The Musketeers have been working on that balance. Against Creighton, the team scored 34 of its 67 points in the paint.
“We don’t throw the ball enough inside and we did a better job of that today. We’ve got to gain a trust with the guys in the post,” Mack said.
It’s difficult to compare last year’s team to this year’s because personnel is so different, but the Musketeers have stamped out one big question by continuing to flourish in the rebounding department. Ball security is next on the list.
“We’ve just been careless with the ball, been throwing it around and turning it over. We’re going to work on that in practice a little bit. It’s just got to mean more to everyone on the team,” Macura said.
And then there are free throws. Xavier entered the game ranked seventh among 10 Big East teams in free throw percentage (70.9) before converting just 55.2 percent of its attempts.
Said Gaston: “We’ve just got to go to the line with confidence. Keep practicing and go to the line with confidence and knock them down.”
After losing to three teams ranked in the top nine of the NCAA’s RPI, Xavier has a respite from games until Sunday’s rematch against Georgetown at Cintas Center. Next Thursday (Jan. 26) is the Skyline Chili Crosstown Shootout at Cincinnati.
First things first: Xavier can’t afford a home loss to the Hoyas, which are 80th in the RPI.

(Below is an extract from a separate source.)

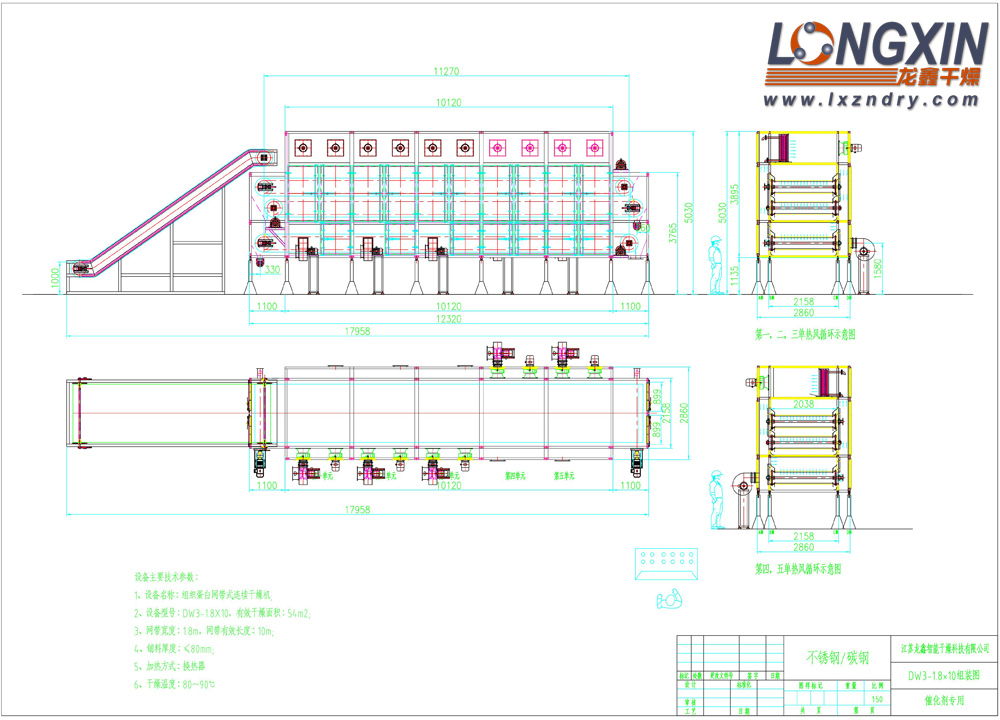 加氢催化剂带式干燥机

For now Xavier’s best RPI win at Cintas Center is against Wake Forest (30th). The Musketeers have a neutral court win over Clemson (43rd) and only one road win, over aforementioned Georgetown. Nabbing a victory at UC (18th) or Creighton (ninth) would greatly bolster Xavier’s NCAA tournament resume.
Watson hurt his left knee with 9:40 left in the first half and hobbled to the end of the bench. He fell hard while being fouled on a lay-up soon after and was carried off the court by teammates.
Watson re-emerged on crutches in the second half and iced his knee the rest of the outing. Asked for a knee update after the game, McDermott said the answer was still in limbo.
“Until we get an MRI, I’m not sure,” McDermott said. “I don’t think there’s any ligament damage. I think our trainer and Xavier’s doctor that looked at him seemed to think the ligaments are solid. Now whether there’s any meniscus issues, we won’t know until we get back. He probably needs to move in our trainer’s basement here for a few days to see if we can’t get him back as quick as possible.”